Methods / approach to improve the predictive accuracy of a logistic regression model The situation:
I have a logistic model that should predict a defect (1=defect, 0=no defect). My model uses 4 out of 14 parameters, which are significant for my dependent variable (tested through summary() and the anova() chi-squared test). Furthermore, I used 80% (~5000, with ~1200 defects) of my data to train the model and 20% (~1200, ~300 defects) to test it.
My results are:
If the cutoff I use is 50%*


*

*Sensitivity = 23% (percent of correctly predicted defects/total number of actual defects)

*Specificity = 98% (percent of correctly predicted non defects/total number of non defects)

*Accuracy = 80% (ratio of correctly predicted units/total number of units)


If the cutoff I use is the percent of defects in the training set [i.e., training defects / all training rows (~1200/~5000 = ~24%)]


*

*Sensitivity = 55% 

*Specificity = 81%

*Accuracy = 75%


My question is:
How can I train my model to get a better result for my sensitivity (defect rate)? (Or is there any fault in my approach, i.e. how can i check my model for scientific correctness??)
I'm somehow lost at this point and appreciate any help, reference to a book or link that guides me in the right direction.
 A: The fact that you are using 4 out of 14 parameters implied that you used significance testing to select the variables.  This is invalid.  There are a number of other problems:


*

*Your total sample size is far too small for data splitting to be a reliable method

*You are seeking arbitrary cutoffs

*You are not using a proper accuracy score such as deviance, generalized $R^2$, or Brier score; failure to use a proper score results in a bogus model


An accurate model is one whose high-resolution calibration curve (I recommend using lowess for this purpose) is near a 45-degree line.  You are likely to need to use data reduction, blinded to $Y$, for reducing the initial dimensionality of the problem, but that depends on whether your signal:noise ratio is small.
Case studies in logistic model building may be found at http://biostat.mc.vanderbilt.edu/rms .  And make sure that $Y$ (defect or not) is truly all-or-nothing.  If you can measure degree of defect you will have more statistical information and a better model.
A: Lots could be said here. gung had the best most concise answer. But to add...
(1) If the cutoff I use is 50%, a max of 25% of the defects get detected is this how you want to define the quality of your model? You can detect all the defects if you change your cutoff.
(2) split sample is suboptimal.
(3) prediction is hard
(4) classically the first approach is to see if your model is miss-specified, could be better specified. Should a variable be categorial rather than linear. Is the relationship between the variable and outcome non-linear.

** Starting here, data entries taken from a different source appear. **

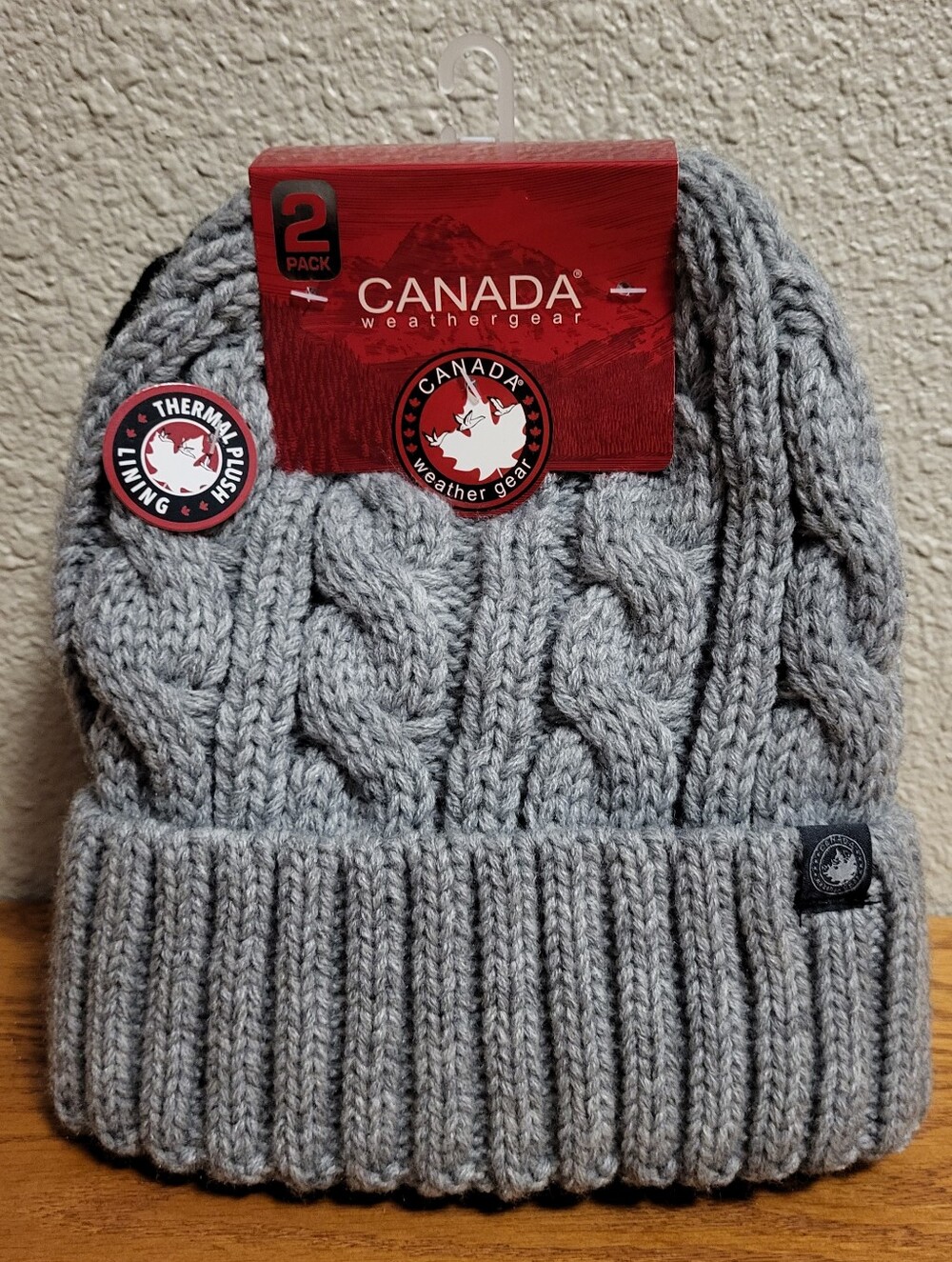 NWT Canada Weathergear 2 Pack Knit Thermal Plush Lining Beanies - Gray & Black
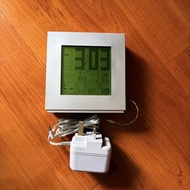 Oregon Scientific Clock with Radio 電子鬧鐘收音機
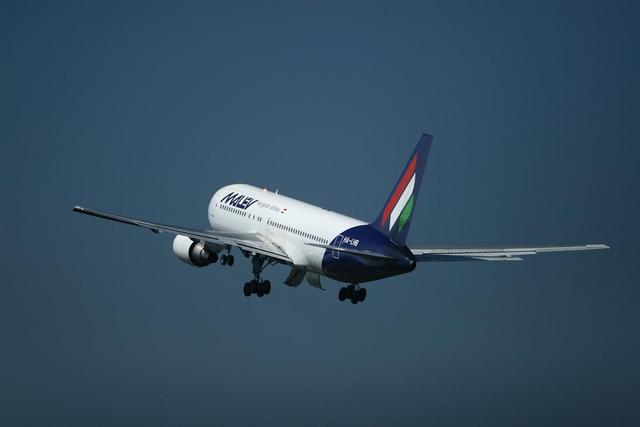 ハンガリーエアラインMALEV航空バッグ マレーヴ・ハンガリー航空 評判(口コミ)・機材(飛行機)・航空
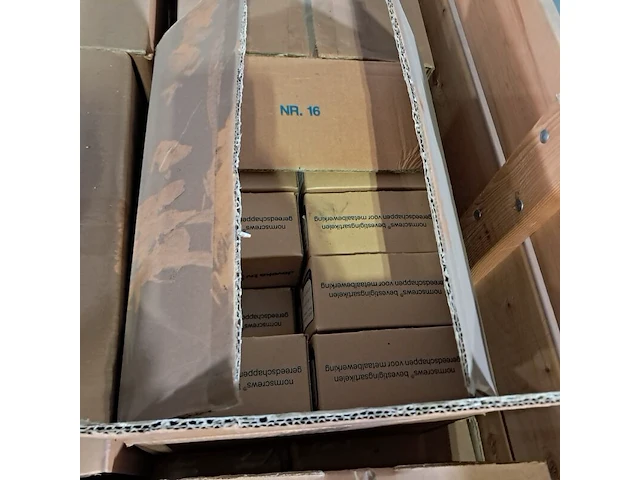 Partij bouten - afbeelding 4 van  6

Should you consider interaction terms. But none of these will magically make a poorly predicting model suddenly great.                              
A: There is no direct answer for this question, you have to try different things. From my experience, you can try different methods to boost your sensitivity: 
1- If you have a lot of missing values you could try imputed methods such as KNN.
2- Try different Machine learning algorithms SUCH AS svm AND rf RATHER THAN LOGISTIC REGRESSION 
3- If you have large number of features so I suggest you to try different features selection such as LASSO
4- Be careful to tune your parameters 
5- If none of the above works, you can try Ensemble methods such as bagging, boosting and stacking. Integrating different models will give you a good boost.
Good luck